Without Loss of Myself

Globules of light fall,
How they fall so sweetly.

Where has my light gone? Evanescence.

Sometimes I feel as if there is no point in writing, but writing is a beautiful art form. I also find it difficult to trust, but in a way I end up trusting everybody. We all gravitate towards fear eventually; we want to learn if we are as capable as we wish to be. Oftentimes we are not and we become some strange person in the land of our body. The worst part is forgetting what we truly stand for.

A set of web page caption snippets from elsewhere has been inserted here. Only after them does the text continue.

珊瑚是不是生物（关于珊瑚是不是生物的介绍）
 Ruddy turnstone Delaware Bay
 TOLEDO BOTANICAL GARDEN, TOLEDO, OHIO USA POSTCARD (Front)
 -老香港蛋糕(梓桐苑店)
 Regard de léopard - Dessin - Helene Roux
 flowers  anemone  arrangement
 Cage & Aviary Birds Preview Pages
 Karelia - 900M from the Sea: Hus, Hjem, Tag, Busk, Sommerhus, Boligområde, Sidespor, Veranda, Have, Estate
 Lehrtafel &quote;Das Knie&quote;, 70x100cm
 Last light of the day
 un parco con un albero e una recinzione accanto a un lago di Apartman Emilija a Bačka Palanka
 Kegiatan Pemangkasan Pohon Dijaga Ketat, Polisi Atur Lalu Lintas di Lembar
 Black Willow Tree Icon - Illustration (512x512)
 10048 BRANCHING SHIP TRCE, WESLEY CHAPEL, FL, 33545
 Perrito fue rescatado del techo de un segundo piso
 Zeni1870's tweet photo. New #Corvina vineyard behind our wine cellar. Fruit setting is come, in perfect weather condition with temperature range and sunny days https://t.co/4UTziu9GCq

A hideous person was probably a beautiful person beforehand. It is just that gravity pushes down on you and your walls push up against you. In the midst of the poking and prodding and the sadness and anger we lose the inner beauty. Those with religion can fall back and feel gratified at the moment that they make it the substitute for what once was their hope. Those without religion feel doomed. Am I truly doomed?

If you believe in so much, but so little, you get beaten down. You love so much, you breathe for everything that never even sighed for you. I guess it is martyrdom, but I would not just die for what I believe in, I live for it too– it cannot be martyrdom. Regardless, sacrifice after sacrifice leaves you scarred in a million places and it leaves you stranded in a sea of faces, names, and indifference. Why still put yourself through this?

Losing yourself is much worse. There should be beauty in the world and there should be wonderful people to carry it out. It is not about heaven or hell, it is simply about seeing every individual as an amazing thing, whether they hurt you or love you.

Everything brings me down a million times and I am pushed under the waves again and again, but I see beauty in everything external to me. I might just be damning myself, but things are often difficult to understand. Everything is a part of you, so do not cut it loose; you will just be cutting off a piece of yourself.